• ASSIGNED TASK
Word for word, restate all of the entries.

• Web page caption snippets
- - - - - - -

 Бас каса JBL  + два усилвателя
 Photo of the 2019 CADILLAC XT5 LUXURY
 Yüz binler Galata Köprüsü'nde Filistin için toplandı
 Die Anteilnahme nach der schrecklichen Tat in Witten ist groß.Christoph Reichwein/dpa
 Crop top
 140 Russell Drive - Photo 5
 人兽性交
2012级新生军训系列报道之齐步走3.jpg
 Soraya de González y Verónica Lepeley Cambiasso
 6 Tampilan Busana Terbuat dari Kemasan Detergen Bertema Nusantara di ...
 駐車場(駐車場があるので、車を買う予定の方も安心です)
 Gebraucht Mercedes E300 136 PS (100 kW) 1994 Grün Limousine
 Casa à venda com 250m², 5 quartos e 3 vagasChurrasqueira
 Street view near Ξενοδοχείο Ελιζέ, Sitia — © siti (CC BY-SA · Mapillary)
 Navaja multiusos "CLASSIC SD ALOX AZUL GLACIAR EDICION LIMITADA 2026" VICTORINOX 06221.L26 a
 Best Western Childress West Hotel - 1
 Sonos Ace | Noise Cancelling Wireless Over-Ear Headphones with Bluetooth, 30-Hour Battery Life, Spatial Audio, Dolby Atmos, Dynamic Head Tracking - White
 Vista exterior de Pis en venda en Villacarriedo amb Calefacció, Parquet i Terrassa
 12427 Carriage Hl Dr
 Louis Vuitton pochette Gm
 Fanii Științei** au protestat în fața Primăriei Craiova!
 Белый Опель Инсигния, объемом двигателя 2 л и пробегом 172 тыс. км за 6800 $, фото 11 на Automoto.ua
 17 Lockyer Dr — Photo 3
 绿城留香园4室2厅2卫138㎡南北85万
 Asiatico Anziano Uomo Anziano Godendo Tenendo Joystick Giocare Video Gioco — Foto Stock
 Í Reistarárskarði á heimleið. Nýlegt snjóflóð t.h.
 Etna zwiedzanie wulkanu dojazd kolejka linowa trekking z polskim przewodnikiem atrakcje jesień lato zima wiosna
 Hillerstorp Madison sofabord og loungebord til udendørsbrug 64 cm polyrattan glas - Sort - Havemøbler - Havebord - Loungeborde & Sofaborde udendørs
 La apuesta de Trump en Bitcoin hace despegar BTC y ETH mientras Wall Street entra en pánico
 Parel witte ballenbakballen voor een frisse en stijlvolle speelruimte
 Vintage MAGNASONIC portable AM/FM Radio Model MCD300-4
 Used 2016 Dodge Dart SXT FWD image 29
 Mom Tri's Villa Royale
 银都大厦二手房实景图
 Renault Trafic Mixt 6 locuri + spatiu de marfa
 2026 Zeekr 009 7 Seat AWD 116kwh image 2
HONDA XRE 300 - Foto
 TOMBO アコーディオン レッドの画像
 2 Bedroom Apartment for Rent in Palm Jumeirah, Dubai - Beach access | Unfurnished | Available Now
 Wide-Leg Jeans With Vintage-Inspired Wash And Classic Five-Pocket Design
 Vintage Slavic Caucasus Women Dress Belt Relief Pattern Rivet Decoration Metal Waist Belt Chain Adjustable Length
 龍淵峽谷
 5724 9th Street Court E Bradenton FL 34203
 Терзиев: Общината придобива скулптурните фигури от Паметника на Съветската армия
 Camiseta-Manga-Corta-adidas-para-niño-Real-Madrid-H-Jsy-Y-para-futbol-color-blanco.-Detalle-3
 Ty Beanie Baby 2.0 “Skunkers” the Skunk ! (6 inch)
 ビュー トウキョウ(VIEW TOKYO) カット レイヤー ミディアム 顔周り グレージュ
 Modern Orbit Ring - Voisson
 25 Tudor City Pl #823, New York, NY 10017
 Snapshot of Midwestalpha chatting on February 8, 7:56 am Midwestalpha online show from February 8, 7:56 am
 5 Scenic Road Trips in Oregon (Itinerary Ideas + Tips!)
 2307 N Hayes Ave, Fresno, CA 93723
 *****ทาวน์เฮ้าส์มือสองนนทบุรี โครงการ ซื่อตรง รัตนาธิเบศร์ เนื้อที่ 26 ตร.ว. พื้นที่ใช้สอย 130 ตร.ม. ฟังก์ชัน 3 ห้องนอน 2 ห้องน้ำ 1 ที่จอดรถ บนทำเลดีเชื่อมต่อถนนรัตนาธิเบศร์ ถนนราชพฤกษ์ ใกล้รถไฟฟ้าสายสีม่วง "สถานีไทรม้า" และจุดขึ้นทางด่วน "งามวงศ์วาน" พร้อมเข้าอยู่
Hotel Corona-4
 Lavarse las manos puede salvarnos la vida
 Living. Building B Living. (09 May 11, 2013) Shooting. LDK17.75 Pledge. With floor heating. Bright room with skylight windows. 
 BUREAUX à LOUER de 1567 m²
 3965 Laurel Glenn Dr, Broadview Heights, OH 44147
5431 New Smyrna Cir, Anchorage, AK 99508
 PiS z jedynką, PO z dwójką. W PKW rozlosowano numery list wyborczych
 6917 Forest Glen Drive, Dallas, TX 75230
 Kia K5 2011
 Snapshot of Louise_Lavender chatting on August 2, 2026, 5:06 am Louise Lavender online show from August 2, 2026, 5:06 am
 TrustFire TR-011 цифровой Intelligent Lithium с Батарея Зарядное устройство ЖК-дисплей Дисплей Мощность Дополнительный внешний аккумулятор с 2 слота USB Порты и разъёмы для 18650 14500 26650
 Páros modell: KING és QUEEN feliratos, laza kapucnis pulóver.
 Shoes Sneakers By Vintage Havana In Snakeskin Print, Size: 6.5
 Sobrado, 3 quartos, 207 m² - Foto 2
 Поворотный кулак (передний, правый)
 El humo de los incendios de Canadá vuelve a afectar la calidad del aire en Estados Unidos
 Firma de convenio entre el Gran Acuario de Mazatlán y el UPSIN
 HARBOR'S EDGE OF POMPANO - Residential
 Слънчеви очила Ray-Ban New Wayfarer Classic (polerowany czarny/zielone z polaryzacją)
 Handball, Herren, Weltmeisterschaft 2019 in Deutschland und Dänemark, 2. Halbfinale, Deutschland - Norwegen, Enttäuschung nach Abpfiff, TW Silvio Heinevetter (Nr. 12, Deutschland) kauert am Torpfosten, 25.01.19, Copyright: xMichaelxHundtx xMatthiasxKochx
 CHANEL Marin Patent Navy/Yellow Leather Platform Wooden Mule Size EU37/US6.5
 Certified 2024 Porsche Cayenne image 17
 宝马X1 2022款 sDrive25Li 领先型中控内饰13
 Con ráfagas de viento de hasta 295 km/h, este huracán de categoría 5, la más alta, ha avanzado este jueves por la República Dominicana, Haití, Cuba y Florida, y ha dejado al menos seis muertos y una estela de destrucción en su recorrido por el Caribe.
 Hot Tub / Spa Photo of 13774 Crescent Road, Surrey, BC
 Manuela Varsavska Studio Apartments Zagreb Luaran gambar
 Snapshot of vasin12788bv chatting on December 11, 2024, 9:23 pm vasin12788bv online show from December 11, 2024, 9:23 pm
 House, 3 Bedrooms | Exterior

- - - - - - -

• WRITTEN ANSWER
 Бас каса JBL  + два усилвателя
 Photo of the 2019 CADILLAC XT5 LUXURY
 Yüz binler Galata Köprüsü'nde Filistin için toplandı
 Die Anteilnahme nach der schrecklichen Tat in Witten ist groß.Christoph Reichwein/dpa
 Crop top
 140 Russell Drive - Photo 5
 人兽性交
2012级新生军训系列报道之齐步走3.jpg
 Soraya de González y Verónica Lepeley Cambiasso
 6 Tampilan Busana Terbuat dari Kemasan Detergen Bertema Nusantara di ...
 駐車場(駐車場があるので、車を買う予定の方も安心です)
 Gebraucht Mercedes E300 136 PS (100 kW) 1994 Grün Limousine
 Casa à venda com 250m², 5 quartos e 3 vagasChurrasqueira
 Street view near Ξενοδοχείο Ελιζέ, Sitia — © siti (CC BY-SA · Mapillary)
 Navaja multiusos "CLASSIC SD ALOX AZUL GLACIAR EDICION LIMITADA 2026" VICTORINOX 06221.L26 a
 Best Western Childress West Hotel - 1
 Sonos Ace | Noise Cancelling Wireless Over-Ear Headphones with Bluetooth, 30-Hour Battery Life, Spatial Audio, Dolby Atmos, Dynamic Head Tracking - White
 Vista exterior de Pis en venda en Villacarriedo amb Calefacció, Parquet i Terrassa
 12427 Carriage Hl Dr
 Louis Vuitton pochette Gm
 Fanii Științei** au protestat în fața Primăriei Craiova!
 Белый Опель Инсигния, объемом двигателя 2 л и пробегом 172 тыс. км за 6800 $, фото 11 на Automoto.ua
 17 Lockyer Dr — Photo 3
 绿城留香园4室2厅2卫138㎡南北85万
 Asiatico Anziano Uomo Anziano Godendo Tenendo Joystick Giocare Video Gioco — Foto Stock
 Í Reistarárskarði á heimleið. Nýlegt snjóflóð t.h.
 Etna zwiedzanie wulkanu dojazd kolejka linowa trekking z polskim przewodnikiem atrakcje jesień lato zima wiosna
 Hillerstorp Madison sofabord og loungebord til udendørsbrug 64 cm polyrattan glas - Sort - Havemøbler - Havebord - Loungeborde & Sofaborde udendørs
 La apuesta de Trump en Bitcoin hace despegar BTC y ETH mientras Wall Street entra en pánico
 Parel witte ballenbakballen voor een frisse en stijlvolle speelruimte
 Vintage MAGNASONIC portable AM/FM Radio Model MCD300-4
 Used 2016 Dodge Dart SXT FWD image 29
 Mom Tri's Villa Royale
 银都大厦二手房实景图
 Renault Trafic Mixt 6 locuri + spatiu de marfa
 2026 Zeekr 009 7 Seat AWD 116kwh image 2
HONDA XRE 300 - Foto
 TOMBO アコーディオン レッドの画像
 2 Bedroom Apartment for Rent in Palm Jumeirah, Dubai - Beach access | Unfurnished | Available Now
 Wide-Leg Jeans With Vintage-Inspired Wash And Classic Five-Pocket Design
 Vintage Slavic Caucasus Women Dress Belt Relief Pattern Rivet Decoration Metal Waist Belt Chain Adjustable Length
 龍淵峽谷
 5724 9th Street Court E Bradenton FL 34203
 Терзиев: Общината придобива скулптурните фигури от Паметника на Съветската армия
 Camiseta-Manga-Corta-adidas-para-niño-Real-Madrid-H-Jsy-Y-para-futbol-color-blanco.-Detalle-3
 Ty Beanie Baby 2.0 “Skunkers” the Skunk ! (6 inch)
 ビュー トウキョウ(VIEW TOKYO) カット レイヤー ミディアム 顔周り グレージュ
 Modern Orbit Ring - Voisson
 25 Tudor City Pl #823, New York, NY 10017
 Snapshot of Midwestalpha chatting on February 8, 7:56 am Midwestalpha online show from February 8, 7:56 am
 5 Scenic Road Trips in Oregon (Itinerary Ideas + Tips!)
 2307 N Hayes Ave, Fresno, CA 93723
 *****ทาวน์เฮ้าส์มือสองนนทบุรี โครงการ ซื่อตรง รัตนาธิเบศร์ เนื้อที่ 26 ตร.ว. พื้นที่ใช้สอย 130 ตร.ม. ฟังก์ชัน 3 ห้องนอน 2 ห้องน้ำ 1 ที่จอดรถ บนทำเลดีเชื่อมต่อถนนรัตนาธิเบศร์ ถนนราชพฤกษ์ ใกล้รถไฟฟ้าสายสีม่วง "สถานีไทรม้า" และจุดขึ้นทางด่วน "งามวงศ์วาน" พร้อมเข้าอยู่
Hotel Corona-4
 Lavarse las manos puede salvarnos la vida
 Living. Building B Living. (09 May 11, 2013) Shooting. LDK17.75 Pledge. With floor heating. Bright room with skylight windows. 
 BUREAUX à LOUER de 1567 m²
 3965 Laurel Glenn Dr, Broadview Heights, OH 44147
5431 New Smyrna Cir, Anchorage, AK 99508
 PiS z jedynką, PO z dwójką. W PKW rozlosowano numery list wyborczych
 6917 Forest Glen Drive, Dallas, TX 75230
 Kia K5 2011
 Snapshot of Louise_Lavender chatting on August 2, 2026, 5:06 am Louise Lavender online show from August 2, 2026, 5:06 am
 TrustFire TR-011 цифровой Intelligent Lithium с Батарея Зарядное устройство ЖК-дисплей Дисплей Мощность Дополнительный внешний аккумулятор с 2 слота USB Порты и разъёмы для 18650 14500 26650
 Páros modell: KING és QUEEN feliratos, laza kapucnis pulóver.
 Shoes Sneakers By Vintage Havana In Snakeskin Print, Size: 6.5
 Sobrado, 3 quartos, 207 m² - Foto 2
 Поворотный кулак (передний, правый)
 El humo de los incendios de Canadá vuelve a afectar la calidad del aire en Estados Unidos
 Firma de convenio entre el Gran Acuario de Mazatlán y el UPSIN
 HARBOR'S EDGE OF POMPANO - Residential
 Слънчеви очила Ray-Ban New Wayfarer Classic (polerowany czarny/zielone z polaryzacją)
 Handball, Herren, Weltmeisterschaft 2019 in Deutschland und Dänemark, 2. Halbfinale, Deutschland - Norwegen, Enttäuschung nach Abpfiff, TW Silvio Heinevetter (Nr. 12, Deutschland) kauert am Torpfosten, 25.01.19, Copyright: xMichaelxHundtx xMatthiasxKochx
 CHANEL Marin Patent Navy/Yellow Leather Platform Wooden Mule Size EU37/US6.5
 Certified 2024 Porsche Cayenne image 17
 宝马X1 2022款 sDrive25Li 领先型中控内饰13
 Con ráfagas de viento de hasta 295 km/h, este huracán de categoría 5, la más alta, ha avanzado este jueves por la República Dominicana, Haití, Cuba y Florida, y ha dejado al menos seis muertos y una estela de destrucción en su recorrido por el Caribe.
 Hot Tub / Spa Photo of 13774 Crescent Road, Surrey, BC
 Manuela Varsavska Studio Apartments Zagreb Luaran gambar
 Snapshot of vasin12788bv chatting on December 11, 2024, 9:23 pm vasin12788bv online show from December 11, 2024, 9:23 pm
 House, 3 Bedrooms | Exterior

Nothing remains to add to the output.